Lag B’Omer

Counting the Omer – the 50 days between Pesakh and Shavuos – never made a lick of sense to me.  How much the less so the holiday called “The thirty-third day of counting the days between Pesakh and Shavuos” – L’g B’Omer.  (The Hebrew letters lamed – the “L” sound – and gimmel – the hard “G” sound – add up to 33 in the alphanumeric counting system.) I mean, really, what is the point?

A Jewish tradition has it that the period of the omer is a sort of half-mourning, generally explained as mourning for a plague that happened during the early second century.  Apparently there was some sort of let-up of the plague on the 33rd day after Pesakh, so on this day the half-mourning stops, just for the day.  During the half-mourning, there are no weddings and no haircuts, so these events traditionally happen on L’g B’Omer.  In Israel, bonfires are traditional – but we live in California and bonfires are not really advisable. 

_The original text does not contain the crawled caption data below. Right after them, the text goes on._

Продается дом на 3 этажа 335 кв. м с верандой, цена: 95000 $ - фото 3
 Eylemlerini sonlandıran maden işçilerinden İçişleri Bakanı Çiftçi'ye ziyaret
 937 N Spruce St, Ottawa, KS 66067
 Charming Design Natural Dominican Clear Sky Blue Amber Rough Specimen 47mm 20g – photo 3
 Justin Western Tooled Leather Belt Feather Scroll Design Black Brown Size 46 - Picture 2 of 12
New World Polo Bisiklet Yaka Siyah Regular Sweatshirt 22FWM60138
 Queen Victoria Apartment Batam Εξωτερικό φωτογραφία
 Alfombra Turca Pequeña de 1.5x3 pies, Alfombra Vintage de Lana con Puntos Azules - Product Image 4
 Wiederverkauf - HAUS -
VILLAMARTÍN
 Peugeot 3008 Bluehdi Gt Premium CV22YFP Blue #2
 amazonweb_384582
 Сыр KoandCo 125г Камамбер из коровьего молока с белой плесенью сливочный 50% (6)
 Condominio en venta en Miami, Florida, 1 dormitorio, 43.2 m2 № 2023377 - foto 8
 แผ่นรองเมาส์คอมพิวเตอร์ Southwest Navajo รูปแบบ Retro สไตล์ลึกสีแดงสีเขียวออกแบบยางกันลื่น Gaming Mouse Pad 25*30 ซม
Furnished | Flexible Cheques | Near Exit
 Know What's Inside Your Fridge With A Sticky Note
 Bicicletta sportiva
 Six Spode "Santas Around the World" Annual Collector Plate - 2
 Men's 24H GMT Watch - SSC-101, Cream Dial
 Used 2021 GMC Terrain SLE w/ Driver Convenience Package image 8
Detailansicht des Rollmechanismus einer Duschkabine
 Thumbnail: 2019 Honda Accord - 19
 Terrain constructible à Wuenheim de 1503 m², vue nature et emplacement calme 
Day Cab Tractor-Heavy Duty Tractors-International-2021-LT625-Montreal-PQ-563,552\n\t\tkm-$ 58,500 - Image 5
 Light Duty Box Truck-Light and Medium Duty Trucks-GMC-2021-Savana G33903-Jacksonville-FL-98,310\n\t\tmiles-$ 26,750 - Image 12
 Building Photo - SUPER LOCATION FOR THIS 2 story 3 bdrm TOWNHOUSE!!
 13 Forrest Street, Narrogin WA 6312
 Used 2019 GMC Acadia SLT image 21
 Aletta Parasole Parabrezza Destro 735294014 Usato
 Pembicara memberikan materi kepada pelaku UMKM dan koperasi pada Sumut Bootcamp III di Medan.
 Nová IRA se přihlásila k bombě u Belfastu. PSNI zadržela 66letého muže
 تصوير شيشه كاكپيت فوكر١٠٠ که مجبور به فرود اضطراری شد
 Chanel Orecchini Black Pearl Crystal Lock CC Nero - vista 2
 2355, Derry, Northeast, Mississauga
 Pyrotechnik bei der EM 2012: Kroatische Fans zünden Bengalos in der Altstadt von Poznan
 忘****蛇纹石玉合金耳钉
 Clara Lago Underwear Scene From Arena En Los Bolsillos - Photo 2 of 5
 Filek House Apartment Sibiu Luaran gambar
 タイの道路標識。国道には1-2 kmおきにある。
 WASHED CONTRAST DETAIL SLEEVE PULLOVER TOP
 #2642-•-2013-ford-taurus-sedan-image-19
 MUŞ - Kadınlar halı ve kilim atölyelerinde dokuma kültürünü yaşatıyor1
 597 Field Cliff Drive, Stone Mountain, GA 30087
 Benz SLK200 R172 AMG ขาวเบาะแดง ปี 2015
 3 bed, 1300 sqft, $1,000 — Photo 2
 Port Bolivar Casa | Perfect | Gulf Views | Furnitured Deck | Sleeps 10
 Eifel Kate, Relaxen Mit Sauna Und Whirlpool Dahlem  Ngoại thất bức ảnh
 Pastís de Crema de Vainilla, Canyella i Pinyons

Instead, many Jews – including our TVCJ community – picnic on L’g B’Omer in honor of the Jews who had to hide their Jewish study during Roman times and would, therefore, the story goes, go out to the woods to study Jewish texts in secret.  One story has it that they would pretend to be hunting when the Roman soldiers were around.  (This is actually pretty hilarious, as hunted meat is not kosher.)

But back to what it means.  Until this year, it really meant nothing to me except it was a day to get together with my community and have a picnic.  But this year, the idea of a break in mourning speaks to me.  We Jews are sad, mad, distressed, outraged – name your unpleasant, uncomfortable emotion; we’re feeling them all.  We feel burdened.  We feel helpless.  We get mired down in the horror of October 7 and Gaza and settler violence.  We are confused and bewildered by the Jew-hatred of our fellow Americans.  It’s all overwhelming. We need a break from the heartbreak.  We need a picnic and field games and maybe even a bonfire.  We need L’g B’Omer.

So this year, on L’g B’Omer, we briefly lift our mourning. Then, the next day, we can take up again our sadness, but restored enough to keep working for the watchwords of our Secular Humanistic Jewishness  – a better and more beautiful world.